$48M in Financing Closes for Mixed-Use Project in Suburban Washington, D.C.
Washington, D.C.--It's all systems go for Garfield Park, a 149-unit luxury mixed-use apartment project just outside of Washington, D.C., in Arlington, Va.
Washington, D.C.–It’s all systems go for Garfield Park, a 149-unit luxury mixed-use apartment project just outside of Washington, D.C., in Arlington, Va. Commercial real estate and capital markets services provider Holliday Fenoglio Fowler orchestrated a $48 million in financing on behalf of developer Ironwood Realty Partners to get construction activity underway.
Sited at 2900 10th Street, Garfield Park will be a true live-play property in the Rosslyn-Clarendon-Ballston Corridor, a submarket that has become the unofficial live-work-play capital in the area. “The Rosslyn-Clarendon-Ballston Corridor is one of the most walkable 24-hour neighborhoods in all of Northern Virginia,” Grant Montgomery, vice president with commercial real estate research and advisory firm Delta Associates, tells MHN. “It has retail, restaurants, services and amenities, as well as an office concentration, and it’s served by several transit options.”

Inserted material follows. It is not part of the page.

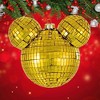 Cody Foster 3.0 Inch Disco Mouse Ears Christmas Tree Ornament , Christmas Decor Retro Looking Reflective (1PC) - 2 of 4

In addition to its upscale apartments, the five-story property will offer such residential amenities as a community/entertainment room and state-of-the-art fitness center, and it will also feature approximately 26,300 square feet of ground-level retail space and underground parking to accommodate 295 vehicles.
Garfield Park will be in the right place at the right time. The luxury apartment market in Arlington’s Rosslyn-Clarendon-Ballston Corridor is seeing its relatively high occupancy rate climb higher and higher. “The source of demand is threefold,” Cindy Clare, president of Kettler Management, tells MHN. “First, people are starting to feel more confident again with the economy. Second, even though the housing market is picking up, people are not as inclined to go out and buy a home, even if they have the disposable income because lending requirements are tighter. Also, the investment value is not there. And finally, people still want to have a nice home, so they’re looking at the luxury apartment market instead.”

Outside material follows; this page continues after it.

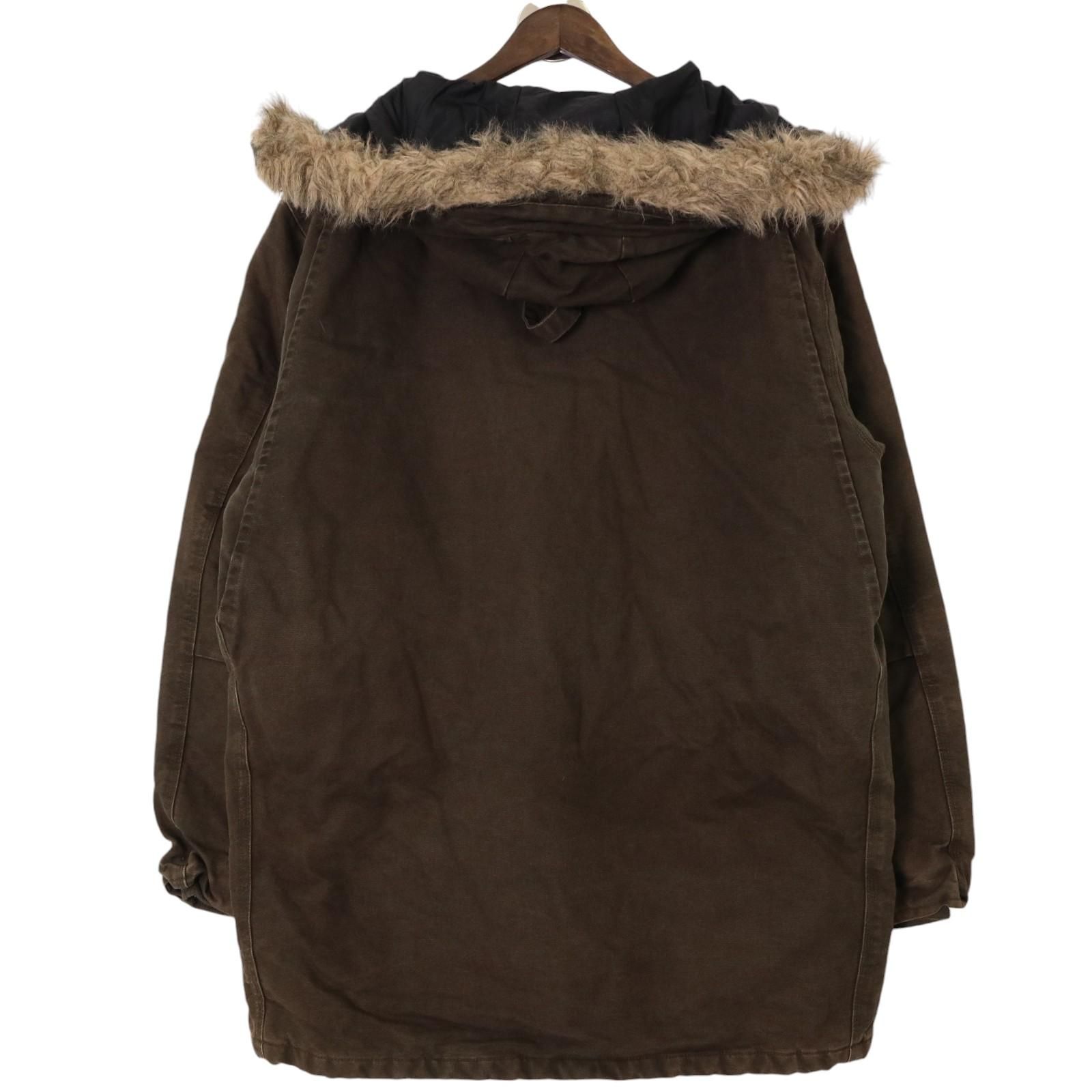 00年代 Carhartt カーハート シベリアンパーカー ワーク ブラウン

As Montgomery notes, the Rosslyn-Clarendon-Ballston Corridor is one of the strongest Class A apartment submarkets in the greater Washington, D.C. metro area. And its performance will only improve, as demand gets closer to outpacing supply. “In terms of development, there is not much going on,” he said. “Lyon Place at Clarendon Center is wrapping up and there’s The Views at Clarendon, which has a few market-rate apartments, but those are the only two projects that are delivering or under construction. The submarket is just 10 or 15 minutes from D.C.; it’s a highly sought after area and at least for the next couple of years, there’s going to be very limited development.”
With a location in a market with pent-up demand and a limited number of deliveries on the horizon, Garfield Park is well positioned for success, a fact that undoubtedly impressed the lender. The financing HFF facilitated for Ironwood came in the form of a three-year construction loan from Wells Fargo Bank. If all continues to go as planned, Garfield Park will make its debut in the summer or fall of 2012.